Multimodal Large Language Models (MLLMs) have shown significant potential in surgical video understanding. With improved zero-shot performance and more effective human-machine interaction, they provide a strong foundation for advancing surgical education and assistance. However, existing research and datasets primarily focus on understanding surgical procedures and workflows, while paying limited attention to the critical role of anatomical comprehension. In clinical practice, surgeons rely heavily on precise anatomical understanding to interpret, review, and learn from surgical videos. To fill this gap, we introduce the Neurosurgical Anatomy Benchmark (NeuroABench), the first multimodal benchmark explicitly created to evaluate anatomical understanding in the neurosurgical domain. NeuroABench consists of 9 hours of annotated neurosurgical videos covering 89 distinct procedures and is developed using a novel multimodal annotation pipeline with multiple review cycles. The benchmark evaluates the identification of 68 clinical anatomical structures, providing a rigorous and standardized framework for assessing model performance. Experiments on over 10 state-of-the-art MLLMs reveal significant limitations, with the best-performing model achieving only 40.87% accuracy in anatomical identification tasks. To further evaluate the benchmark, we extract a subset of the dataset and conduct an informative test with four neurosurgical trainees. The results show that the best-performing student achieves 56% accuracy, with the lowest scores of 28% and an average score of 46.5%. While the best MLLM performs comparably to the lowest-scoring student, it still lags significantly behind the group's average performance. This comparison underscores both the progress of MLLMs in anatomical understanding and the substantial gap that remains in achieving human-level performance.

Paper Structure

This paper contains 11 sections, 1 equation, 3 figures, 3 tables.

Figures (3)

  • Figure 1: Examples of NeuroABench.

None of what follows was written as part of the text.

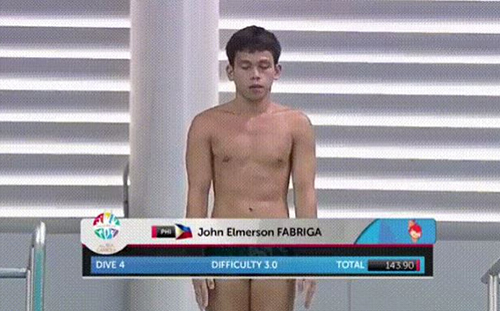 Các VĐV nhảy cầu trông như khỏa thân vì lỗi hài hước của truyền hình - 3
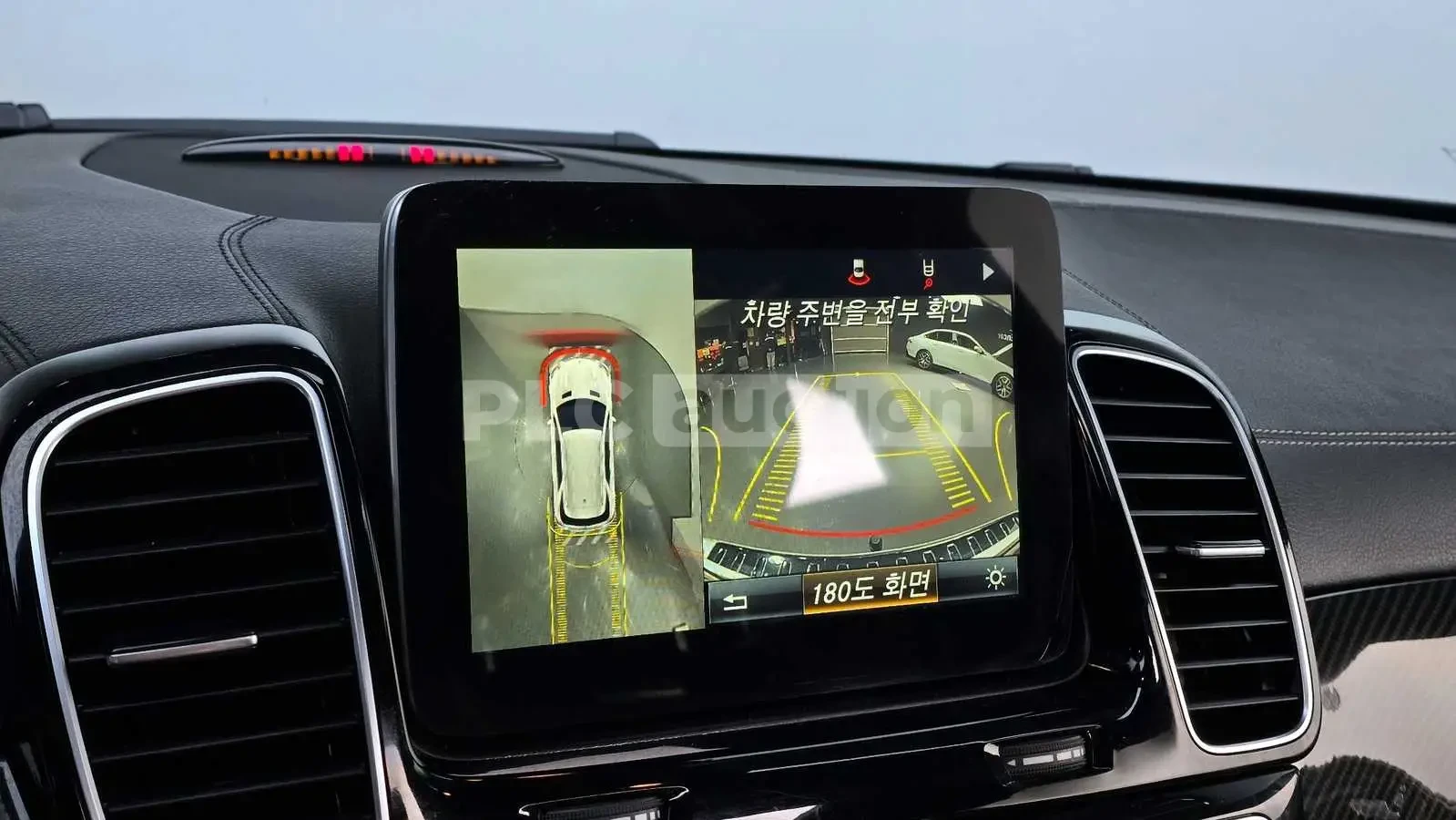 Mercedes-Benz GLE 63 AMG 2016* 360* PANAMERICA* TV* ОБДУХ* КРАЙНА ЦЕНА, снимка 11 - Автомобили и джипове - 54059171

This benchmark is constructed using neurosurgical anatomical content derived from publicly available educational videos. Each video is paired with a question designed to query the identification of specific neuroanatomical structures. For every question, a set of candidate anatomical structures (e.g., skin, anterior cerebral artery, temporal lobe) is provided as multiple-choice options.
  • Figure 2: Pipeline illustration of NeuroABench. The data collection can be divided into three main steps: 1) We search hundreds of videos and teaching manuals from the Neurosurgical Atlas, then keep 89 high-quality videos and 32 teaching manuals after filtering. 2) We use Gemini-1.5-Pro to annotate videos with the instructions of clinician-reviewed structured progress extracted from teaching manuals. 3) The annotated images go through additional validation and experts' selection. From these images, we generate question-and-answer pairs for each landmark anatomy featured in the videos.
  • Figure 3: A case on the influence of anatomical deformation. Here, we select the responses of Claude-3.5-Sonnet to two closely similar frames of anatomical images from the same surgical procedure to demonstrate the impact of anatomical deformation on the model's anatomical recognition.